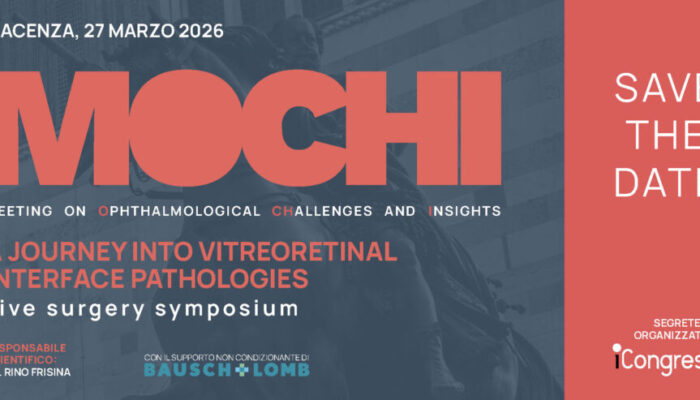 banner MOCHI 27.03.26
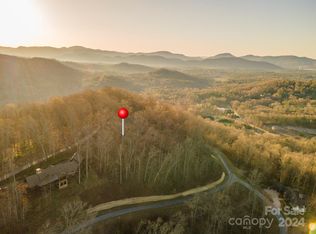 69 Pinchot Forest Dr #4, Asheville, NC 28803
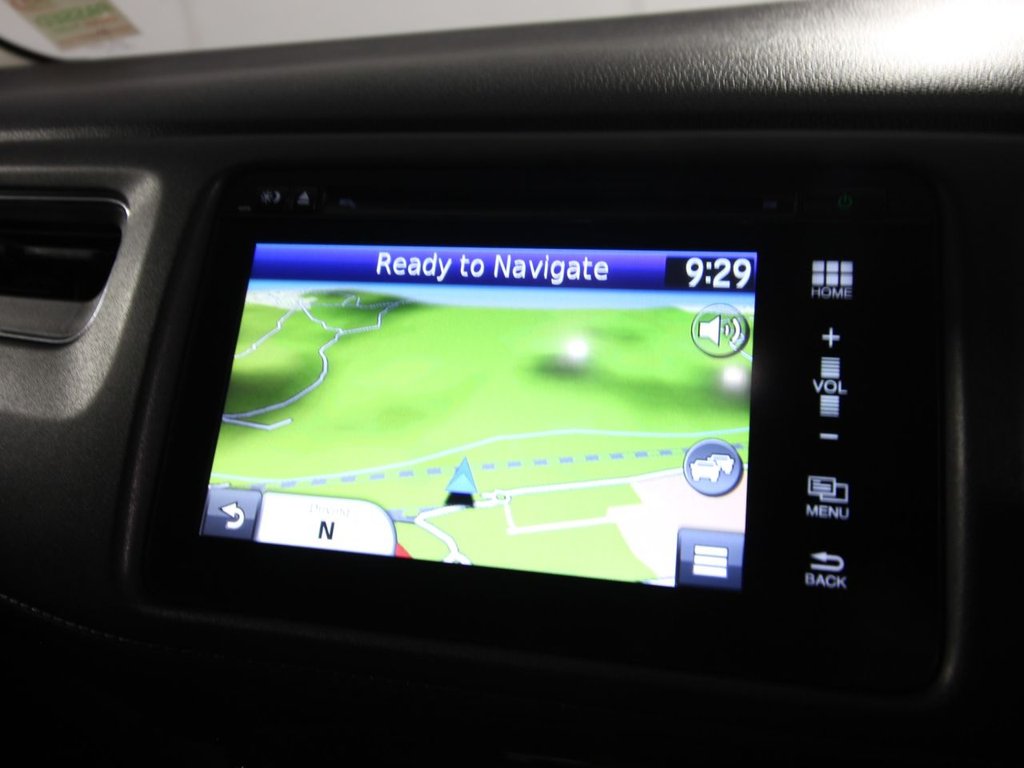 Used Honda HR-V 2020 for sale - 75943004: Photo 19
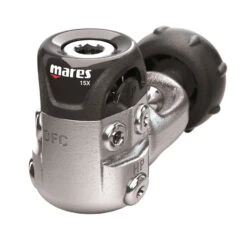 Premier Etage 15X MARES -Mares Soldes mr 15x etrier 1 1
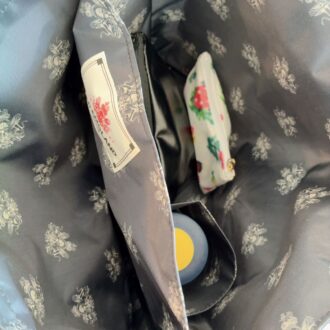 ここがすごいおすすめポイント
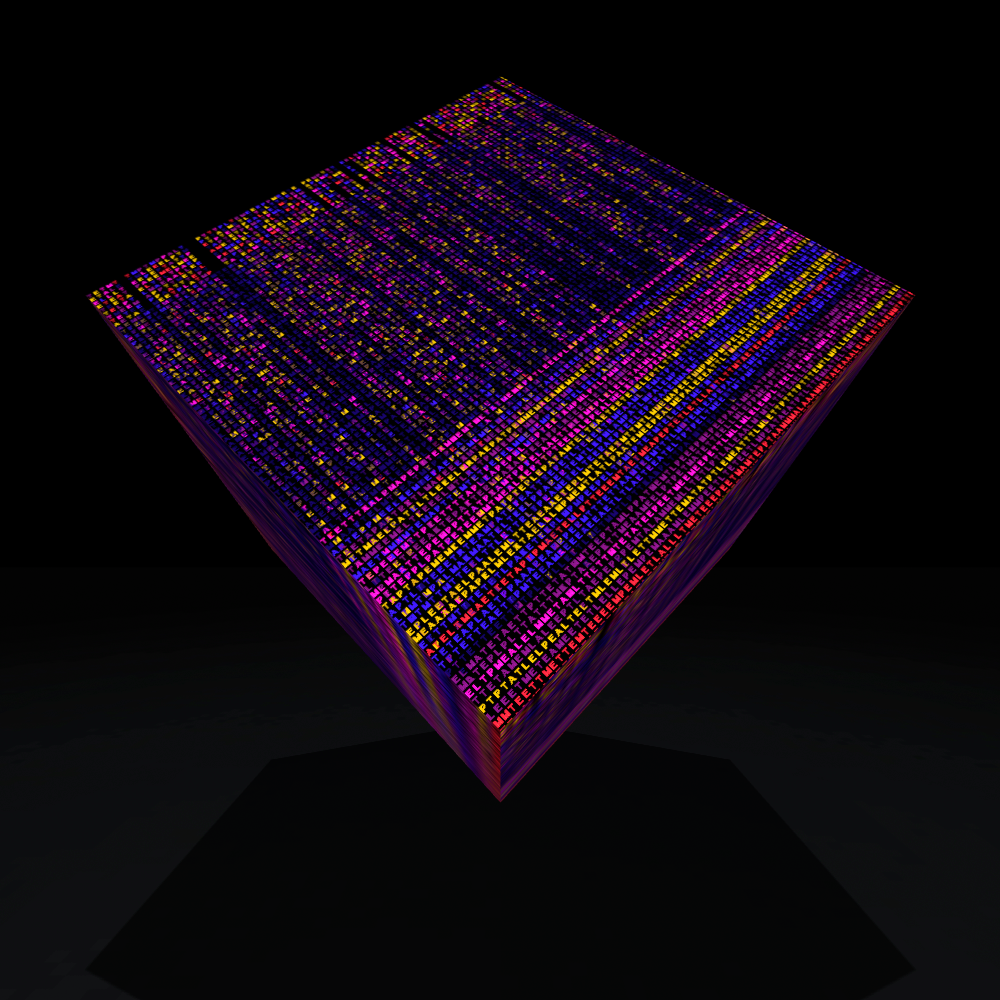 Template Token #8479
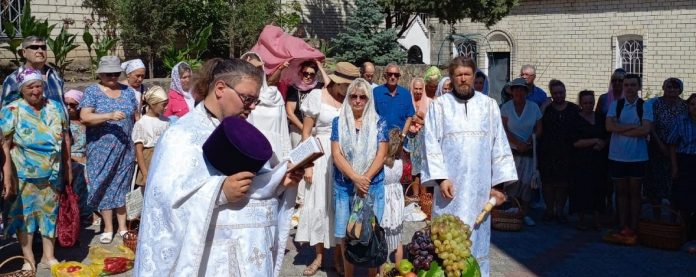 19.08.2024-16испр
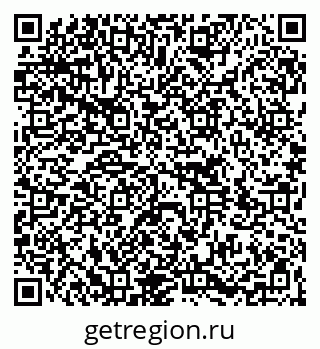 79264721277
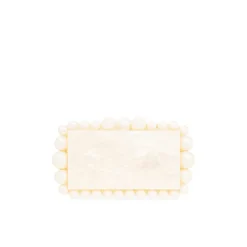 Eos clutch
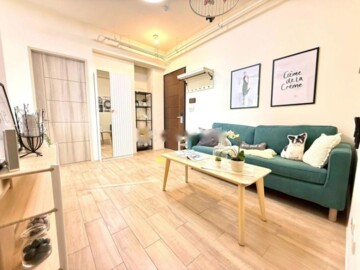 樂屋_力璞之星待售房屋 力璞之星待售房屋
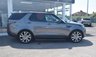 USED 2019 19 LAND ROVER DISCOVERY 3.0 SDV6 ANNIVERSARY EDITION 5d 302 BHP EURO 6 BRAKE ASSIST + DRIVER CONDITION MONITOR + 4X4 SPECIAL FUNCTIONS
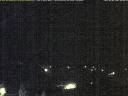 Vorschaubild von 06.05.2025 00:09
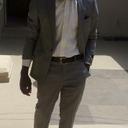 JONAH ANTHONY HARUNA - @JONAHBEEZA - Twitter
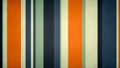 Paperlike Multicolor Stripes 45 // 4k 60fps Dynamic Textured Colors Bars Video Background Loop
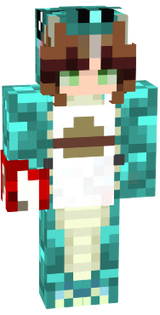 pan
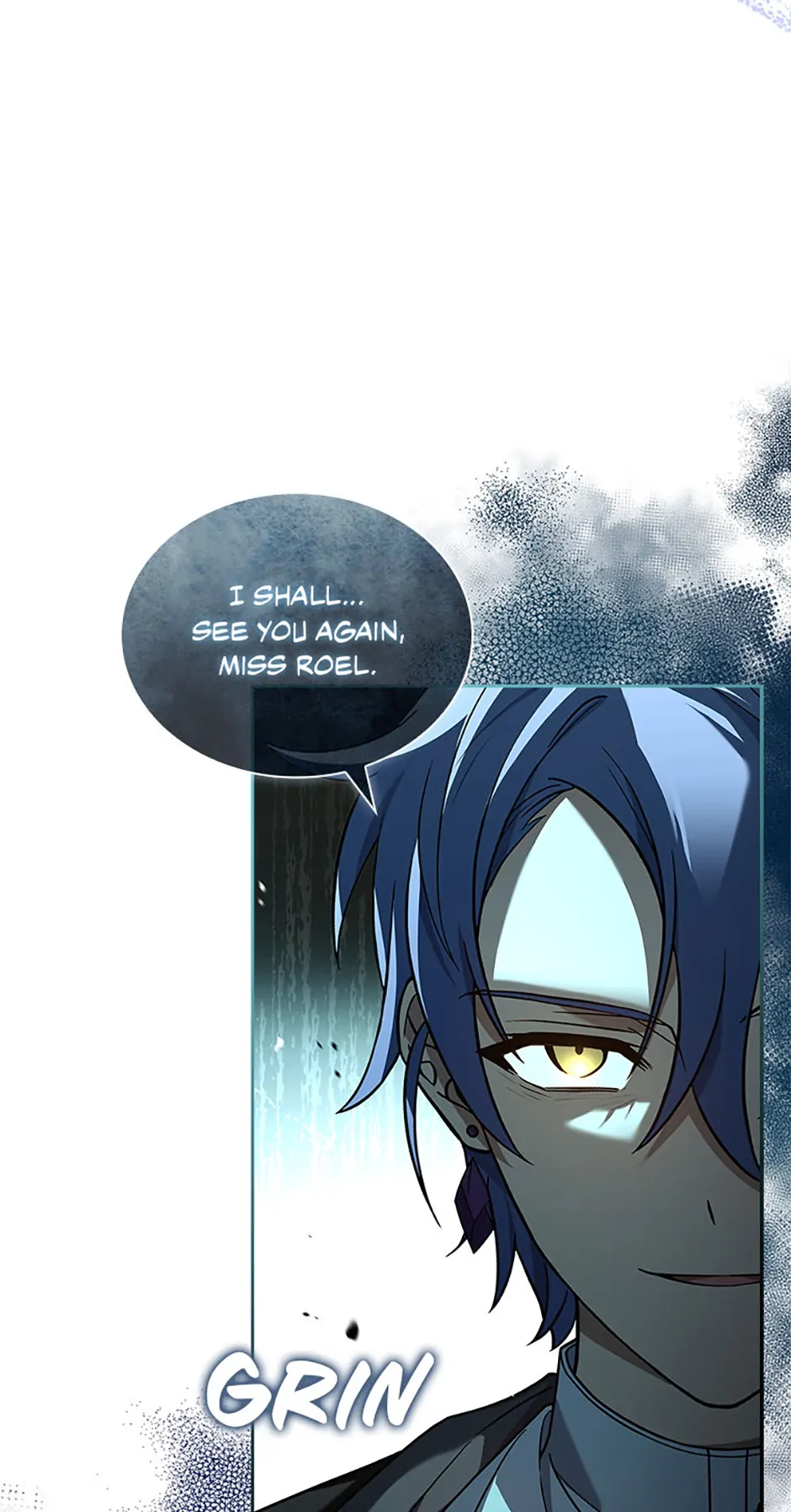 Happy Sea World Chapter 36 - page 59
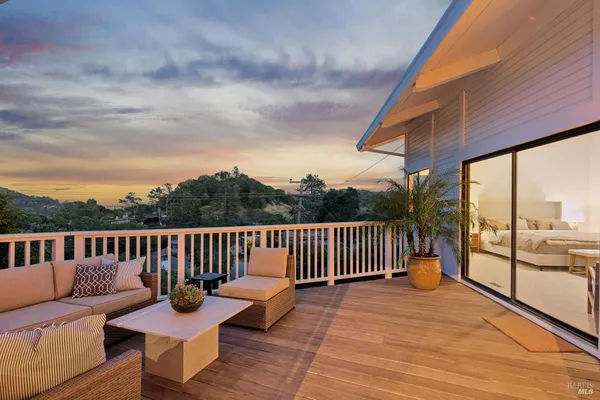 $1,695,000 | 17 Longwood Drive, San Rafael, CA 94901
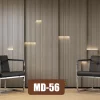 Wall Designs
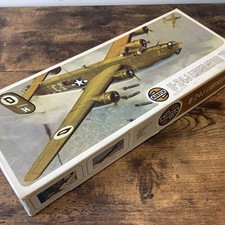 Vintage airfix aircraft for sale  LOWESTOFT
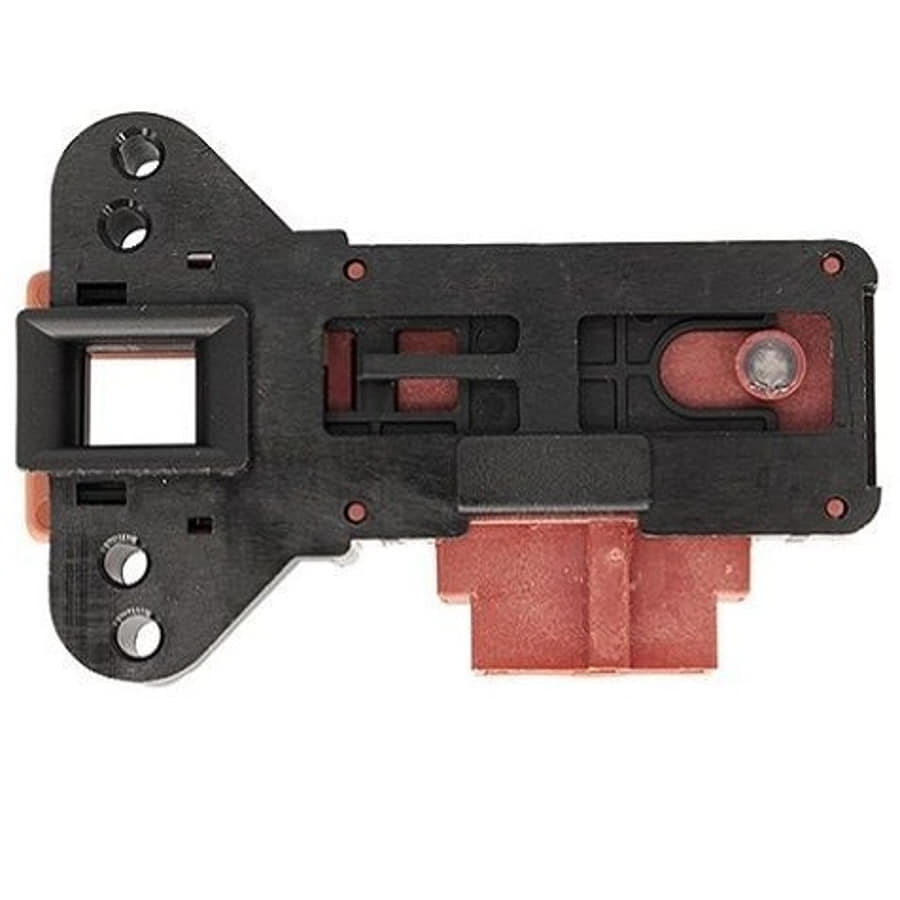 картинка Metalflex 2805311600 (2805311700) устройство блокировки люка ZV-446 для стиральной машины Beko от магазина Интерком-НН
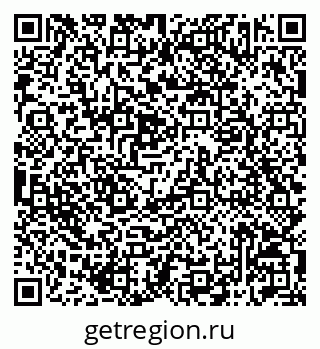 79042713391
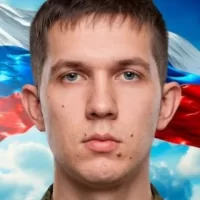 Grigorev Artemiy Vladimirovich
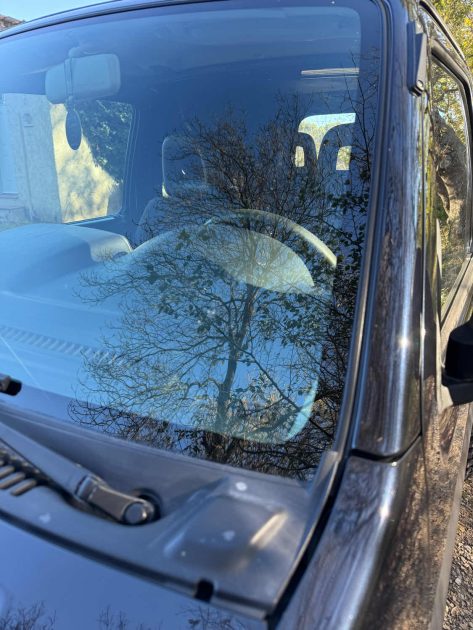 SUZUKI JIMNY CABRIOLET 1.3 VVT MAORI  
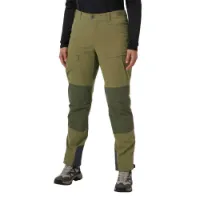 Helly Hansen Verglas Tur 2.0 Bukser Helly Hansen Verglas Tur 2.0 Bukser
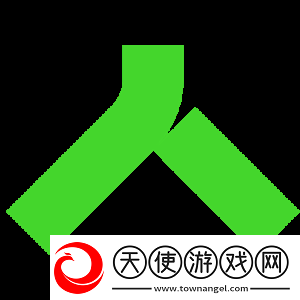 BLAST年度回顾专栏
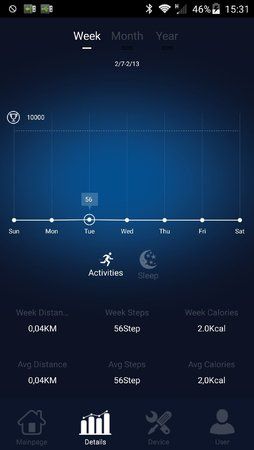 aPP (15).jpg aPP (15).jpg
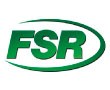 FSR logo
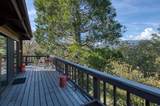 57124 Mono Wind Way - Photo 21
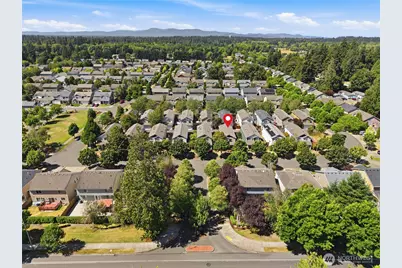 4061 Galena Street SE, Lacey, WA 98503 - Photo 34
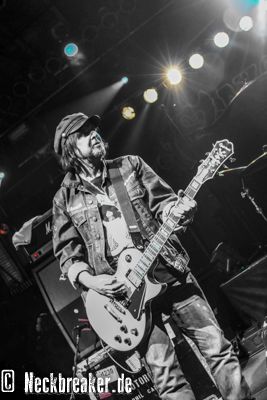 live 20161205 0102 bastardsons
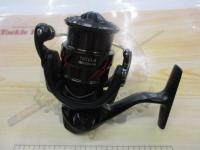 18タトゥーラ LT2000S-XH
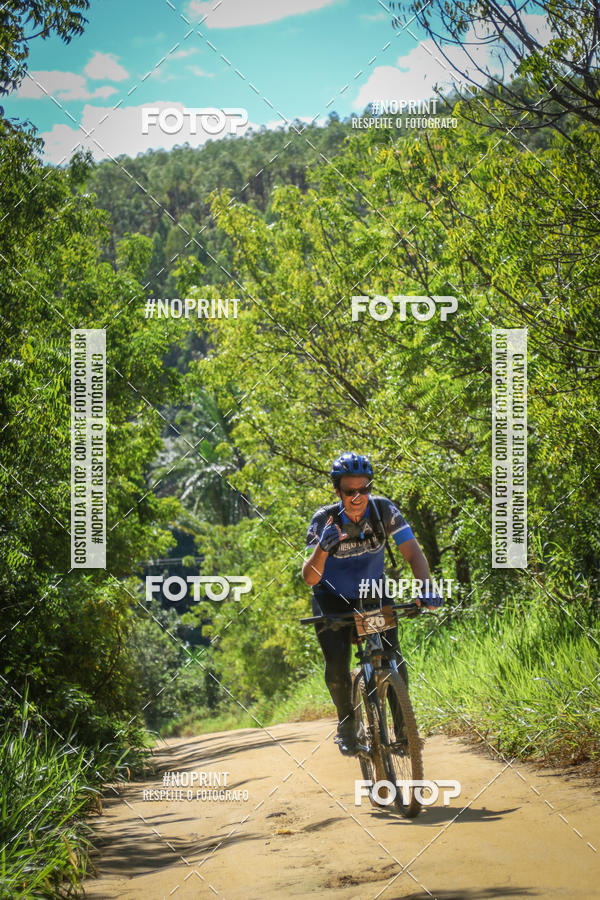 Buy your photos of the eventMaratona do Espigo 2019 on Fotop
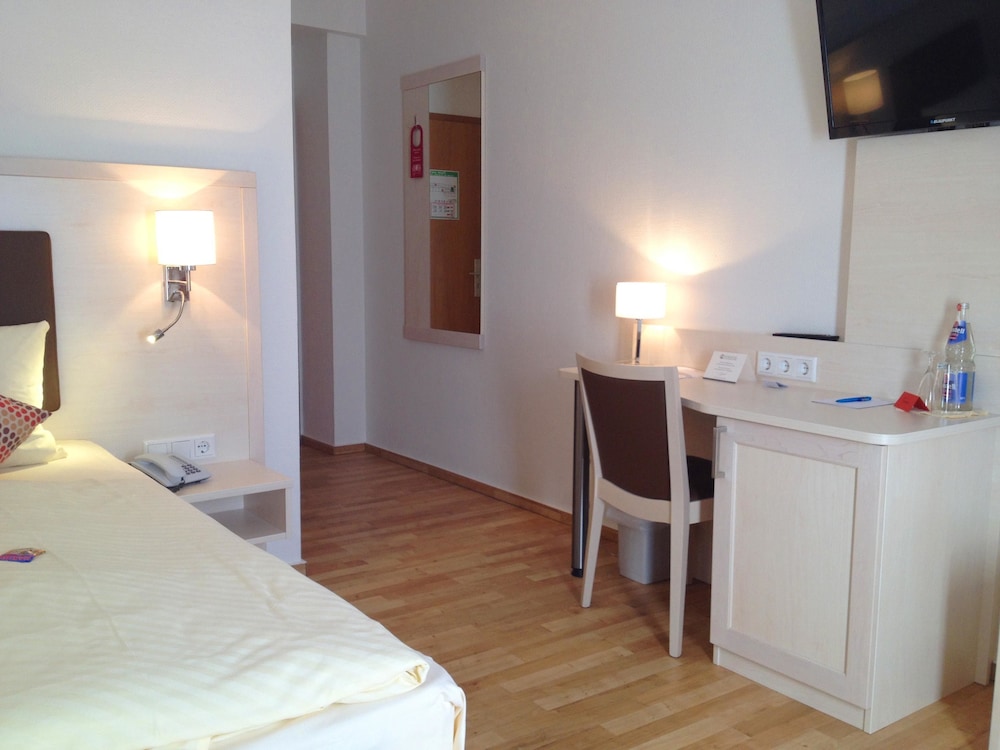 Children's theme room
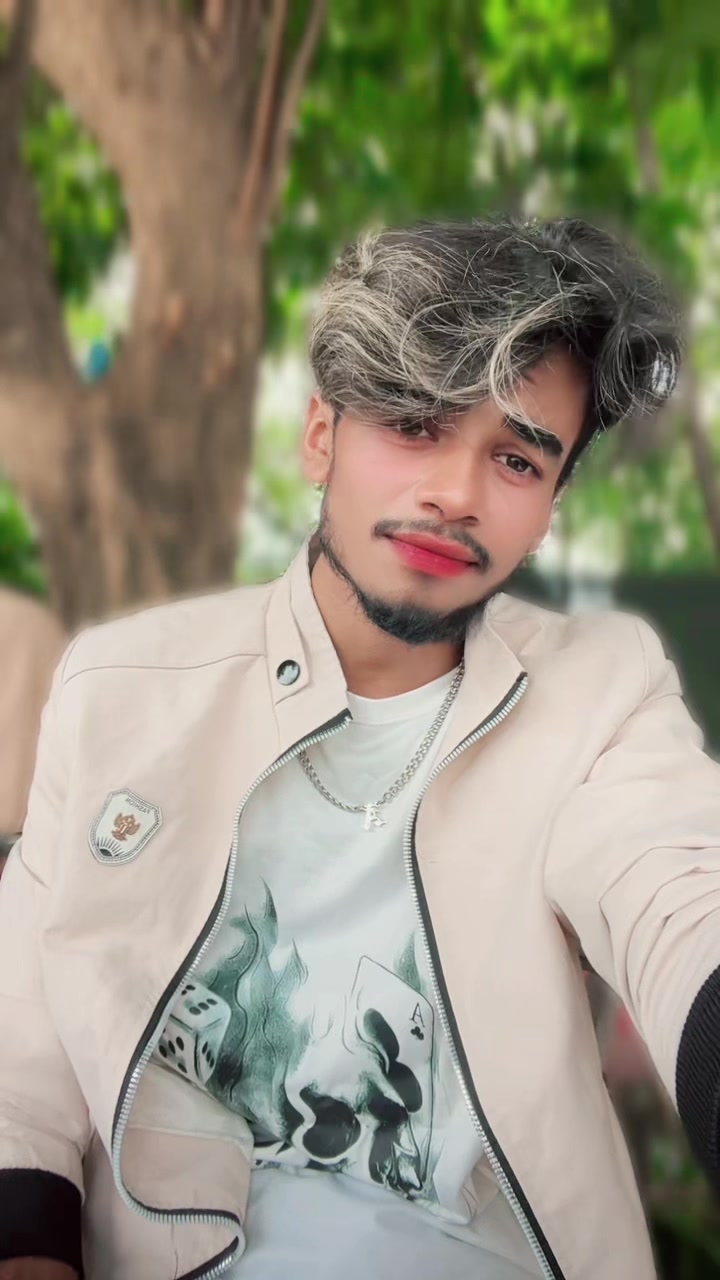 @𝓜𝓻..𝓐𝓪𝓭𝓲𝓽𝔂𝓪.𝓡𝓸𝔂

● About this exercise
Could you give the listing again exactly as it stands, minus any pictures?

● Task solution
 banner MOCHI 27.03.26
 69 Pinchot Forest Dr #4, Asheville, NC 28803
 Used Honda HR-V 2020 for sale - 75943004: Photo 19
 Premier Etage 15X MARES -Mares Soldes mr 15x etrier 1 1
 ここがすごいおすすめポイント
 Template Token #8479
 19.08.2024-16испр
 79264721277
 Eos clutch
 樂屋_力璞之星待售房屋 力璞之星待售房屋
 USED 2019 19 LAND ROVER DISCOVERY 3.0 SDV6 ANNIVERSARY EDITION 5d 302 BHP EURO 6 BRAKE ASSIST + DRIVER CONDITION MONITOR + 4X4 SPECIAL FUNCTIONS
 Vorschaubild von 06.05.2025 00:09
 JONAH ANTHONY HARUNA - @JONAHBEEZA - Twitter
 Paperlike Multicolor Stripes 45 // 4k 60fps Dynamic Textured Colors Bars Video Background Loop
 pan
 Happy Sea World Chapter 36 - page 59
 $1,695,000 | 17 Longwood Drive, San Rafael, CA 94901
 Wall Designs
 Vintage airfix aircraft for sale  LOWESTOFT
 картинка Metalflex 2805311600 (2805311700) устройство блокировки люка ZV-446 для стиральной машины Beko от магазина Интерком-НН
 79042713391
 Grigorev Artemiy Vladimirovich
 SUZUKI JIMNY CABRIOLET 1.3 VVT MAORI  
 Helly Hansen Verglas Tur 2.0 Bukser Helly Hansen Verglas Tur 2.0 Bukser
 BLAST年度回顾专栏
 aPP (15).jpg aPP (15).jpg
 FSR logo
 57124 Mono Wind Way - Photo 21
 4061 Galena Street SE, Lacey, WA 98503 - Photo 34
 live 20161205 0102 bastardsons
 18タトゥーラ LT2000S-XH
 Buy your photos of the eventMaratona do Espigo 2019 on Fotop
 Children's theme room
 @𝓜𝓻..𝓐𝓪𝓭𝓲𝓽𝔂𝓪.𝓡𝓸𝔂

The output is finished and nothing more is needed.